To do
Your output should be each line from the material below that has the word "with".

Dataset records
┌──
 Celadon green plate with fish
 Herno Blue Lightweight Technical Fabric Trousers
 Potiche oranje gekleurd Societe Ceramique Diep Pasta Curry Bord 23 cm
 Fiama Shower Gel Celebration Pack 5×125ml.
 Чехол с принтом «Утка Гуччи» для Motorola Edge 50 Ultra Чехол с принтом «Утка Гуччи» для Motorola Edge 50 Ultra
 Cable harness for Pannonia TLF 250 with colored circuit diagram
└──
┌──
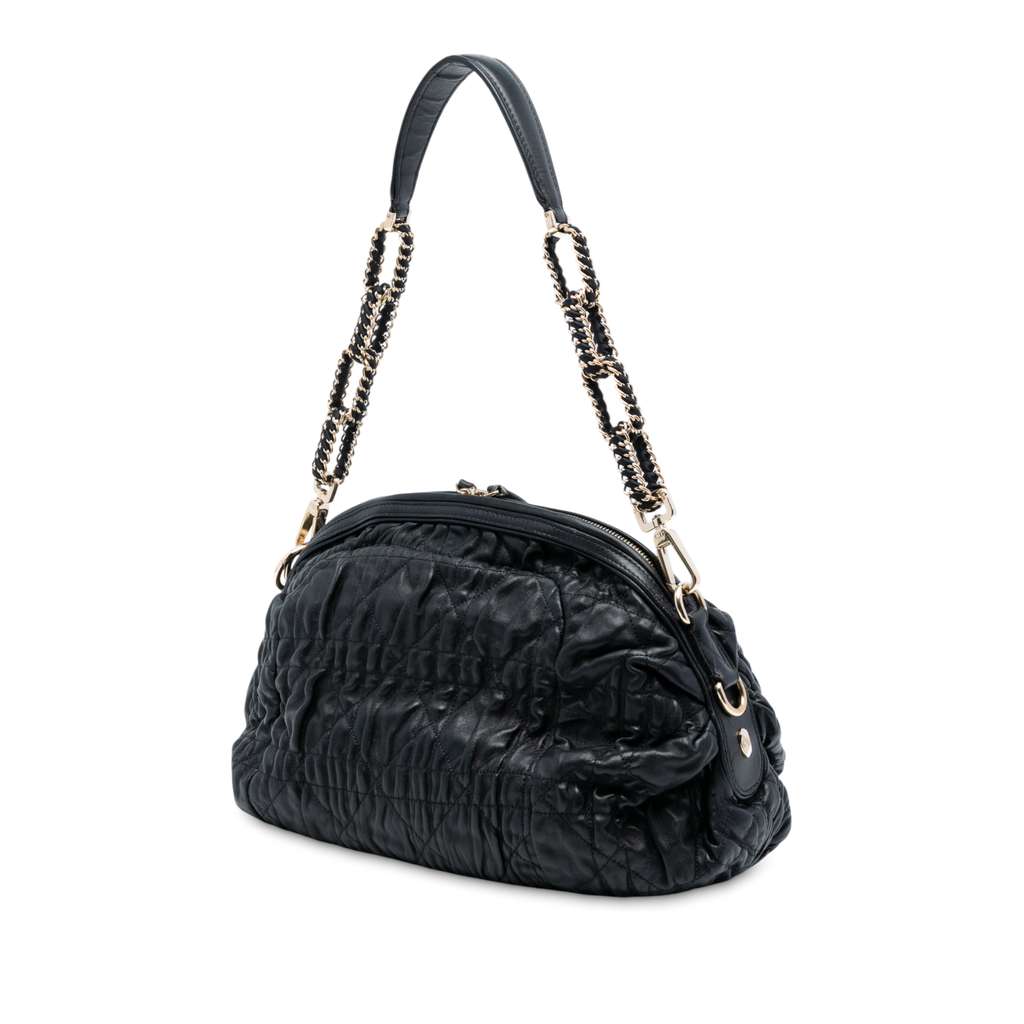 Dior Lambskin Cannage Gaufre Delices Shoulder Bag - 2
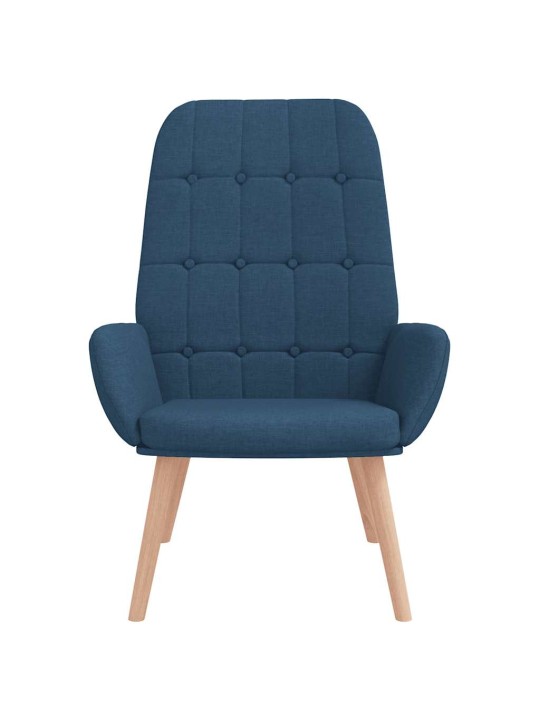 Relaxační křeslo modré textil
└──
The completed task
 Celadon green plate with fish
 Cable harness for Pannonia TLF 250 with colored circuit diagram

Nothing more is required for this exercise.